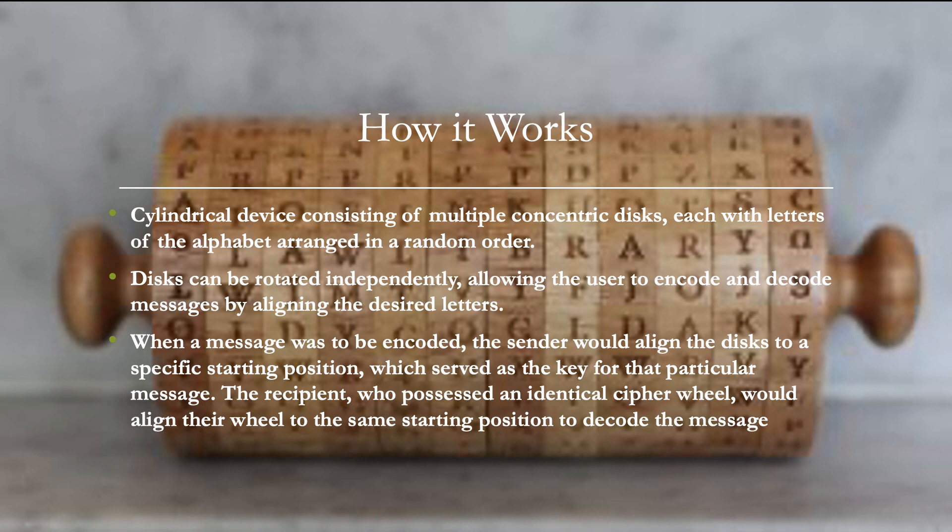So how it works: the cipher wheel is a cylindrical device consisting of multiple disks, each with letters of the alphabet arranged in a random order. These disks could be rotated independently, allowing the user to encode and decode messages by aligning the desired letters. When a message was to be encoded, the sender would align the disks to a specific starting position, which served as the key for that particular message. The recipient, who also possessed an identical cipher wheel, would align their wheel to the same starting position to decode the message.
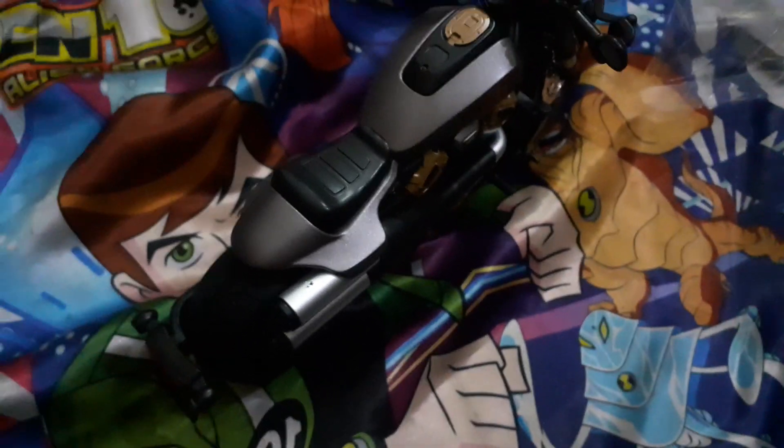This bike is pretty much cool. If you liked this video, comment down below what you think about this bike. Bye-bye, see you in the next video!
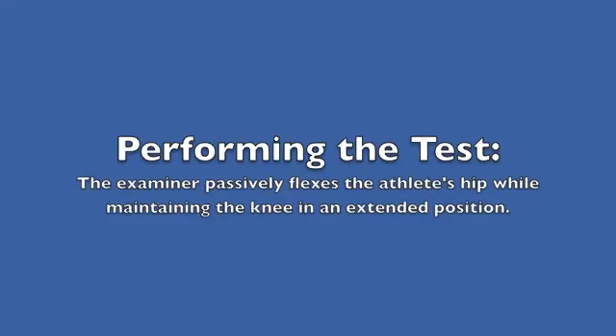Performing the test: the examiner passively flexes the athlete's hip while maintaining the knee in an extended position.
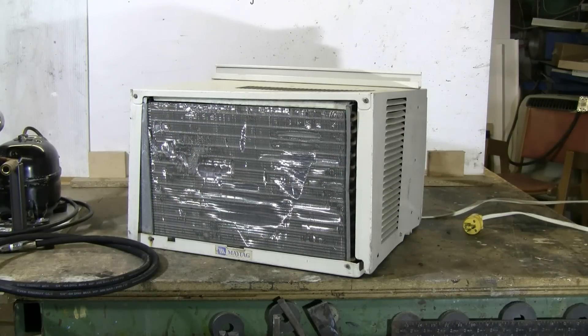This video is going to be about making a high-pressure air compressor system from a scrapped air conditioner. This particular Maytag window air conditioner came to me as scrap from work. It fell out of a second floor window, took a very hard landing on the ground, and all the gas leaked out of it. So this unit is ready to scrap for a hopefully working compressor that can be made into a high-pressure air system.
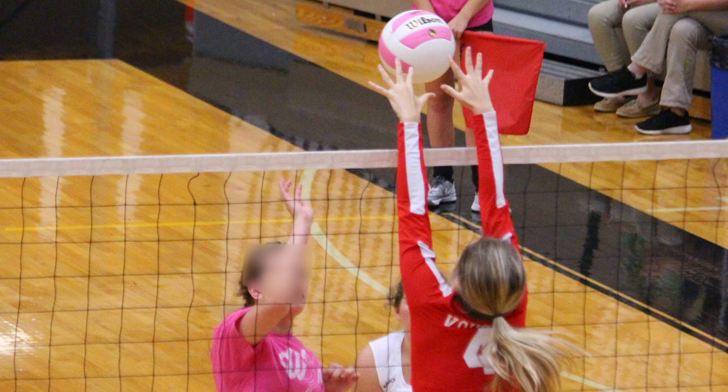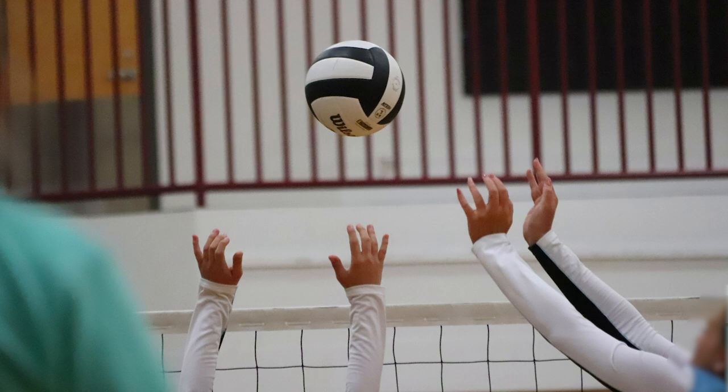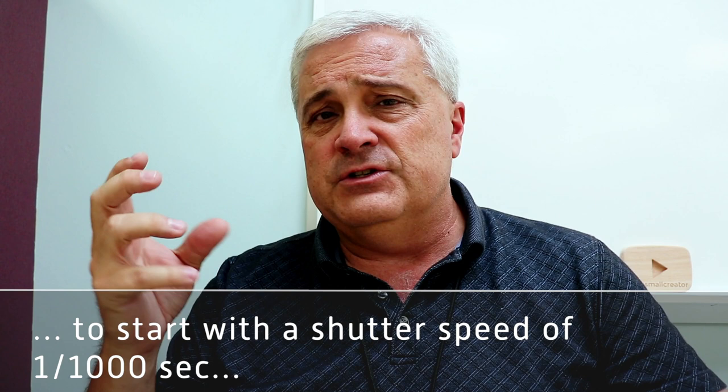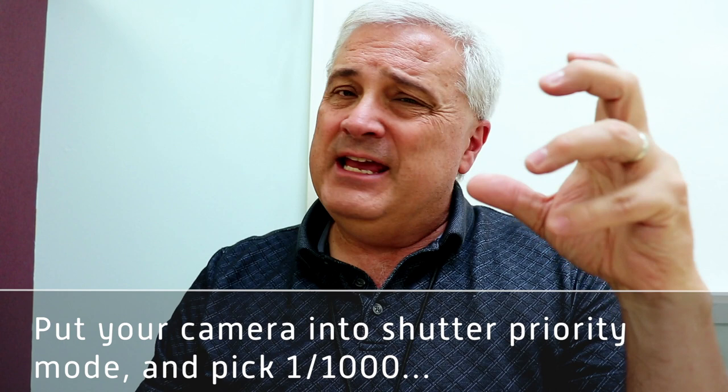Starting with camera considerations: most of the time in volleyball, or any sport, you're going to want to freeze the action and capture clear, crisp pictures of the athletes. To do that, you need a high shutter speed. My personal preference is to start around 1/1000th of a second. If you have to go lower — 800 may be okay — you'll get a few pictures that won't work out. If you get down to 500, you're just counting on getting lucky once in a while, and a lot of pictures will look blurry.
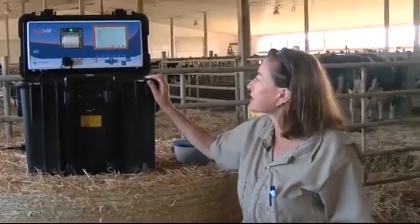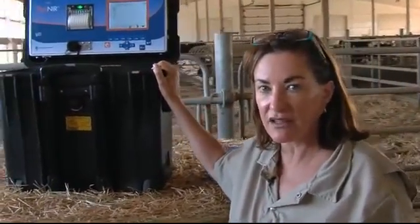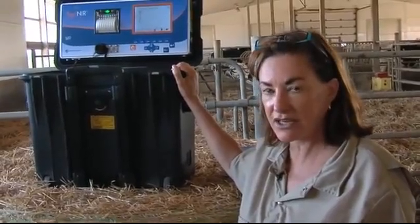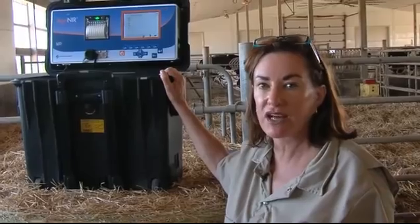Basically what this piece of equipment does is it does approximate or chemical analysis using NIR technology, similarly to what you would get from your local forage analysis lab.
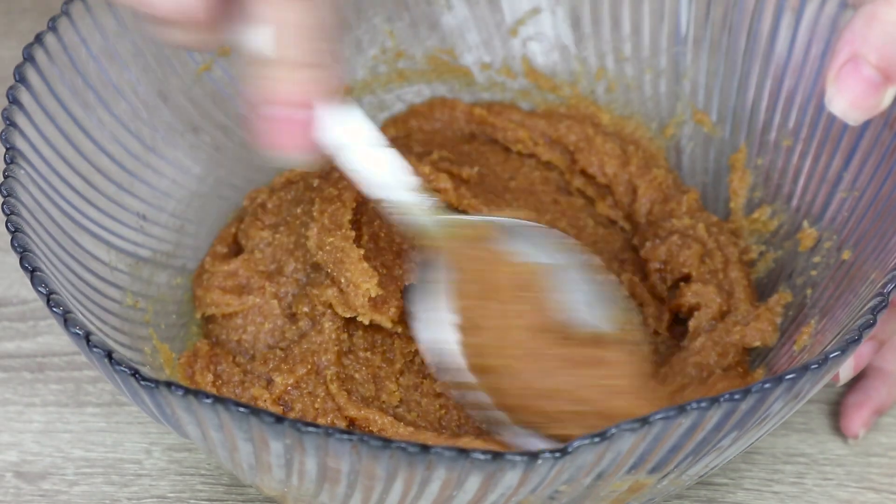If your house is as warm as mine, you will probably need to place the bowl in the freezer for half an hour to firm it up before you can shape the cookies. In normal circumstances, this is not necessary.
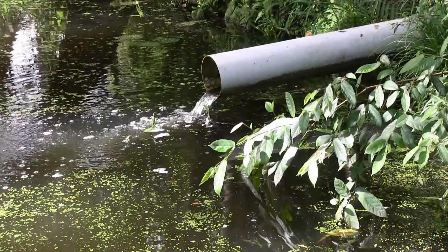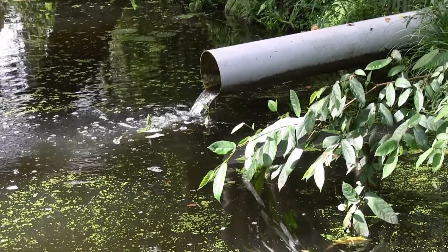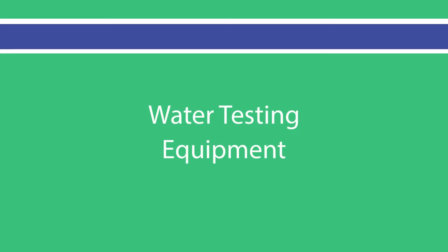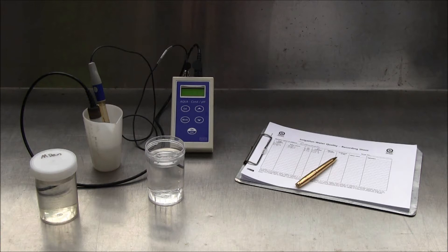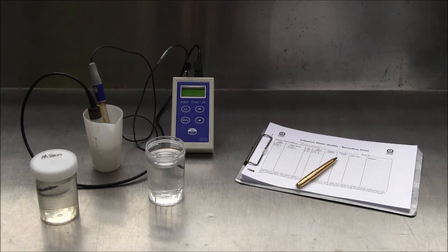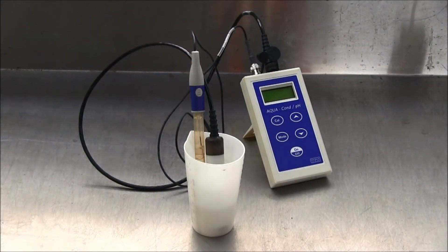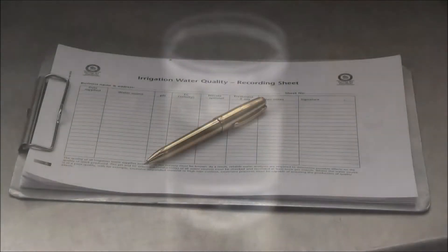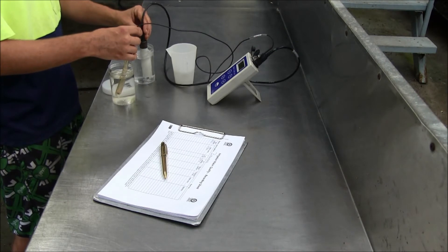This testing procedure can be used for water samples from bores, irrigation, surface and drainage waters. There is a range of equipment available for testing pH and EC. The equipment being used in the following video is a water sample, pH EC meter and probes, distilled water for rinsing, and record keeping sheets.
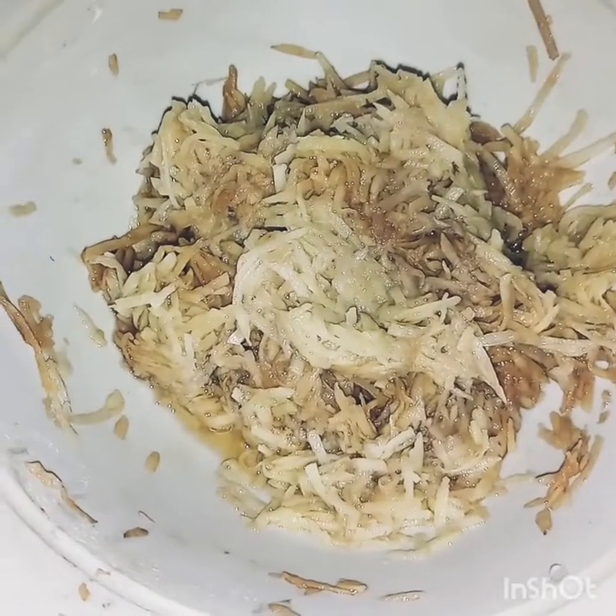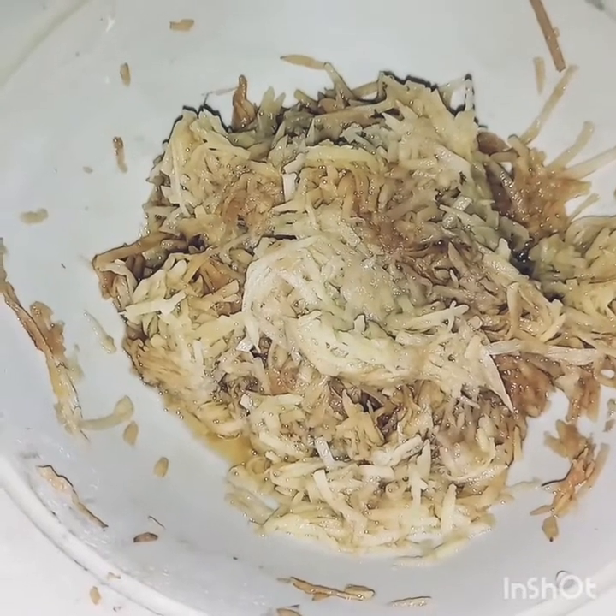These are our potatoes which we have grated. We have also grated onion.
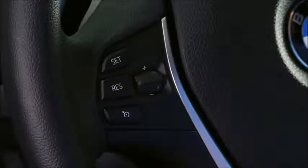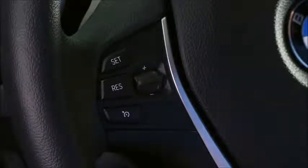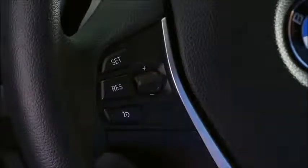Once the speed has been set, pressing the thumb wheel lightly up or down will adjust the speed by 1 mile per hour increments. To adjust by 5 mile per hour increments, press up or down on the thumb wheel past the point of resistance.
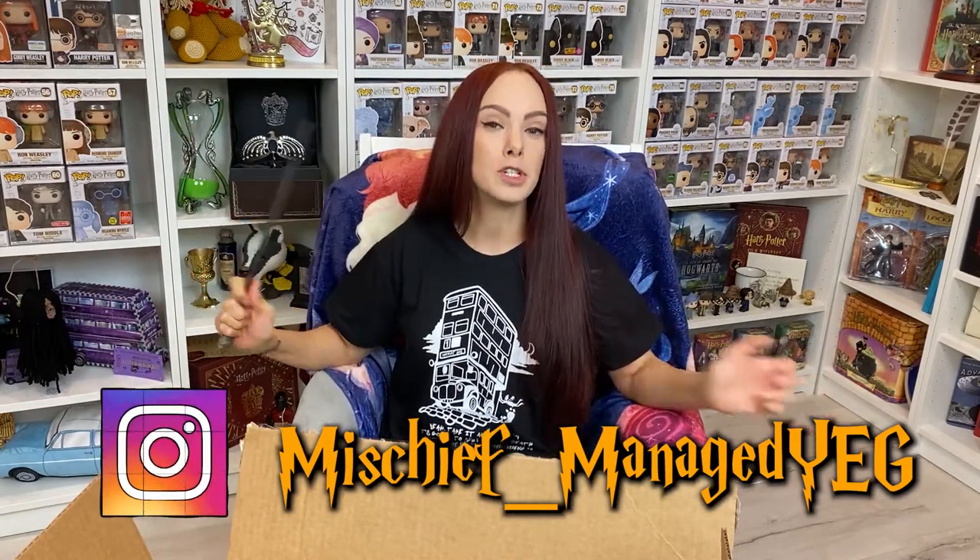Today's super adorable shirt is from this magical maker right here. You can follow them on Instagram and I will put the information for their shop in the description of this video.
────────────────────
Exercise description
The line with "This bike is" ends the range, and the first line of the data begins it; repeat exactly those lines and nothing more, omitting pictures.

The answer
So how it works: the cipher wheel is a cylindrical device consisting of multiple disks, each with letters of the alphabet arranged in a random order. These disks could be rotated independently, allowing the user to encode and decode messages by aligning the desired letters. When a message was to be encoded, the sender would align the disks to a specific starting position, which served as the key for that particular message. The recipient, who also possessed an identical cipher wheel, would align their wheel to the same starting position to decode the message.
This bike is pretty much cool. If you liked this video, comment down below what you think about this bike. Bye-bye, see you in the next video!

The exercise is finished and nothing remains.